One of my friends gave me this problem. Initially I thought that this would be easy but i tried this for two days unable to do this in a proper manner.

There is a circle with an angle A located at the center of the circle

Prove that: $\sin A < A < \tan A$

Answer 1

The area of $\triangle ABC$ is $\frac{1}{2}\sin(x)$. The area of the colored wedge is $\frac{1}{2}x$, and the area of $\triangle ABD$ is $\frac{1}{2}\tan(x)$. By inclusion, we get $$ \frac{1}{2}\tan(x)\ge\frac{1}{2}x\ge\frac{1}{2}\sin(x)\tag{1} $$

Answer 2

The shortest way between two points is the straight line.

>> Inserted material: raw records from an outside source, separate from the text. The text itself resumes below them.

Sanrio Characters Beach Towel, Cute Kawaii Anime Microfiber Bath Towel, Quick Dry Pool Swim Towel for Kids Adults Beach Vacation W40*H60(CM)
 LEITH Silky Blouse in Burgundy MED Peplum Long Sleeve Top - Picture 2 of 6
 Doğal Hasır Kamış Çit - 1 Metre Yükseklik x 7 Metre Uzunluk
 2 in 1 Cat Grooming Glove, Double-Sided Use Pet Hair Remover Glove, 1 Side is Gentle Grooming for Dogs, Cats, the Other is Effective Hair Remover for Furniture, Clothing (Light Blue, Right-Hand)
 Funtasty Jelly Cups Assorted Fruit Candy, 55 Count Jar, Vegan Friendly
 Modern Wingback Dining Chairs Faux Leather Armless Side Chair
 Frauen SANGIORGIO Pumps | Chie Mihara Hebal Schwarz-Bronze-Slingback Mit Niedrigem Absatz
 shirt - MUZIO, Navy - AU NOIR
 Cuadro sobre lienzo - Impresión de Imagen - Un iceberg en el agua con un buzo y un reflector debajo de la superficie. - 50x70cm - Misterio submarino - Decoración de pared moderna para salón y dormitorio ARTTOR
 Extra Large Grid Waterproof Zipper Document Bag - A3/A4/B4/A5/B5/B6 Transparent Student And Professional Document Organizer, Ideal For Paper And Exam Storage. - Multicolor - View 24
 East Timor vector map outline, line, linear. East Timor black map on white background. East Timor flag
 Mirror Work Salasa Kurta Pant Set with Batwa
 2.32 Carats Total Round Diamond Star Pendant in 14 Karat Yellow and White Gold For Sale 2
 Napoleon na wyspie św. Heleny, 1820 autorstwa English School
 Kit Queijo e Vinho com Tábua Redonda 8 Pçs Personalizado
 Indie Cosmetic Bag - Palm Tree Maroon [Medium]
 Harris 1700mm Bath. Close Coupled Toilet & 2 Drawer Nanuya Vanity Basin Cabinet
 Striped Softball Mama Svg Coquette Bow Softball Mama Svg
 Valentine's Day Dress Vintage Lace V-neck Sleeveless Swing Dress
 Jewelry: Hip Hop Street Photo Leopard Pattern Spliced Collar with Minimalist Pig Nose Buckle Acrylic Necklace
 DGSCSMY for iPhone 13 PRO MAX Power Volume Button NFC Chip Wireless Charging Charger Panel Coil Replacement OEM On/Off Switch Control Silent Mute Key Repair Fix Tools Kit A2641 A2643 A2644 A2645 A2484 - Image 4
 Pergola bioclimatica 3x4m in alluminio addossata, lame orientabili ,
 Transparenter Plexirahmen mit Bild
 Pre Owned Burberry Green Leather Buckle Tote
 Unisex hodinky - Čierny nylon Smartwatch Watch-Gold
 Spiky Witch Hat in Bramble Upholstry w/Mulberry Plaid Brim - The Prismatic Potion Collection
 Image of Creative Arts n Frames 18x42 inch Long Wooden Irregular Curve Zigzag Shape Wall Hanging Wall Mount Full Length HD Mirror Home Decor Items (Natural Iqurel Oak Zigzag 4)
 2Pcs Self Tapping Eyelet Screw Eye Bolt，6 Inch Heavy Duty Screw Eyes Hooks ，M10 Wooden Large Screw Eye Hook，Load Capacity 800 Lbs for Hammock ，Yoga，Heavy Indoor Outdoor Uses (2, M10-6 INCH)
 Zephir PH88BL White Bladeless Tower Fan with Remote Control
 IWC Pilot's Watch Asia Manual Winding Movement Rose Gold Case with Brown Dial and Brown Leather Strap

This establishes $$\sin \dfrac A2<\dfrac A2.$$

Then the area of the triangle formed with the tangent to the circle is larger than the area of the sector, hence

$$\frac A2<\tan\frac A2.$$

Replace $\dfrac A2$ by $A$.

Answer 3

On $(0,\pi/2)$ we have $\cos t < 1 < \sec^2 t.$ Integrating each term from $t=0$ to $t=A$ gives your desired inequality as long as $0<A<\pi/2.$ [inequality false for at least some $A$ not in this range.]

Of course this proof is usually done via a diagram; see a calc book.